I got my customer complaint that on the site when HDS displayed "HDS can't treat all the events. Try to reduce the number of information recorded by your application.", then PcVue stopped to store the data to SQL. It happened sometimes and would last several minutes.

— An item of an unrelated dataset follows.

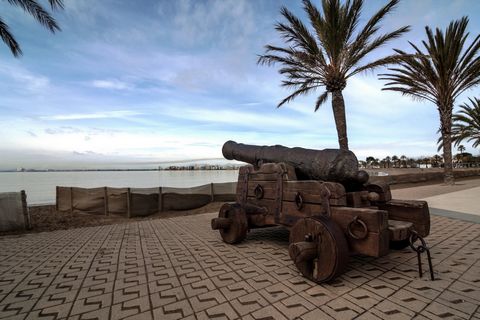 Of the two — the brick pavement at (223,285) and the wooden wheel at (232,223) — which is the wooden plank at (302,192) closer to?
the wooden wheel at (232,223)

As the customer said, the project is for the disaster prevention system for the High speed train, so this kind of issue cannot be acceptable. And the problem should be solved today.:(

Project info:

PcVue 10.0 SP1 16016, 3500 IO around, with several hundreds registers recorded on change while 24 wind-speed registers recorded every seconds with svmgrRefreshData.dll. I have checked the HDS logs, it seems every day, HDS would have this error message for 1-3 times, and the customer said, every time HDS has the error, the 24 wind-speed registers could not be stored correctly.

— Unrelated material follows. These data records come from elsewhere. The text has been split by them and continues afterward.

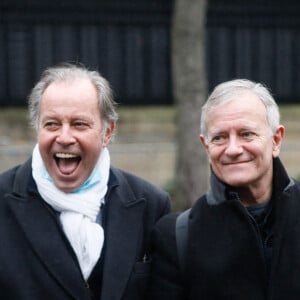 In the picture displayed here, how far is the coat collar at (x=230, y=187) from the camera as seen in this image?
3393 millimetres

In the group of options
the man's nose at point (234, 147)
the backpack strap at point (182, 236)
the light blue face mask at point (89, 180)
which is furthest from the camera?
the light blue face mask at point (89, 180)

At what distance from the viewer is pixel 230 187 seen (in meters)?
3.41

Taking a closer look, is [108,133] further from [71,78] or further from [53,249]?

Did somebody have this kind issue before? See the HDS log bellow:

2013/07/18,12:37:47.752,PYAPPSLAVE,Administrator,HDS,E,0,0,CSchTable::RecordAscii DB_E_INTEGRITYVIOLATION __ Call TreatComError ID = '20;130185958530810000;8;LogList01;1;[NULL];14;4096;8;开关量发送为1;8;PYLine.GW.gridalmConfirm;5;1;1;[NULL];2;192;1;[NULL];1;[NULL];1;[NULL];1;[NULL];1;[NULL];1;[NULL];1;[NULL];1;[NULL];1;[NULL];1;[NULL];2;0;2;102;1;[NULL];1;[NULL];1;[NULL];1;[NULL];1;[NULL];1;[NULL];1;[NULL];1;[NULL];1;[NULL];1;[NULL];1;[NULL];1;[NULL];1;[NULL];1;[NULL];1;[NULL];1;[NULL];1;[NULL];1;[NULL];1;[NULL];1;[NULL];1;[NULL];1;[NULL];1;[NULL];1;[NULL];1;[NULL];1;[NULL];1;[NULL];1;[NULL];256;2013-07-18T04:37:33.081Z;2;0;8;pygw;2;17'
2013/07/18,23:16:31.518,PYAPPSLAVE,Administrator,HDS,E,0,0,OPCCallback::OnDataChange __ HDS can't treat all the events. Try to reduce the number of information recorded by your application.
2013/07/18,23:16:32.065,PYAPPSLAVE,Administrator,HDS,E,0,0,OPCCallback::OnDataChange __ HDS is no more saturated.
2013/07/18,23:16:32.081,PYAPPSLAVE,Administrator,HDS,E,0,0,OPCCallback::OnDataChange __ HDS can't treat all the events. Try to reduce the number of information recorded by your application.
2013/07/18,23:16:32.502,PYAPPSLAVE,Administrator,HDS,E,0,0,OPCCallback::OnDataChange __ HDS is no more saturated.
2013/07/18,23:16:32.518,PYAPPSLAVE,Administrator,HDS,E,0,0,OPCCallback::OnDataChange __ HDS can't treat all the events. Try to reduce the number of information recorded by your application.
2013/07/18,23:16:33.049,PYAPPSLAVE,Administrator,HDS,E,0,0,OPCCallback::OnDataChange __ HDS is no more saturated.
2013/07/18,23:16:33.065,PYAPPSLAVE,Administrator,HDS,E,0,0,OPCCallback::OnDataChange __ HDS can't treat all the events. Try to reduce the number of information recorded by your application.
2013/07/18,23:16:33.596,PYAPPSLAVE,Administrator,HDS,E,0,0,OPCCallback::OnDataChange __ HDS is no more saturated.
2013/07/18,23:16:33.612,PYAPPSLAVE,Administrator,HDS,E,0,0,OPCCallback::OnDataChange __ HDS can't treat all the events. Try to reduce the number of information recorded by your application.
2013/07/18,23:16:34.034,PYAPPSLAVE,Administrator,HDS,E,0,0,OPCCallback::OnDataChange __ HDS is no more saturated.
2013/07/18,23:16:34.034,PYAPPSLAVE,Administrator,HDS,E,0,0,OPCCallback::OnDataChange __ HDS can't treat all the events. Try to reduce the number of information recorded by your application.
2013/07/18,23:24:36.596,PYAPPSLAVE,Administrator,HDS,E,0,0,OPCCallback::OnDataChange __ HDS is no more saturated.
2013/07/19,07:06:57.956,PYAPPSLAVE,Administrator,HDS,E,0,0,TreatComError __ ComError Source : 'Microsoft Cursor Engine' Description : '无法为更新定位行。一些值可能已在最后一次读取后已更改。' (80040E38)

Thanks a lot!

 
Posted : 19/07/2013 7:03 am
n.kunzer
(@n-kunzerarcinfo-com)
Posts: 1236
Member Moderator
 

You database is saturated.
The best way to troubleshoot is to set the SYSTEM.HDS.xxx variables in Trends (in proprietary Unit of course!).
Then you can follow-up after 1 day what's happening.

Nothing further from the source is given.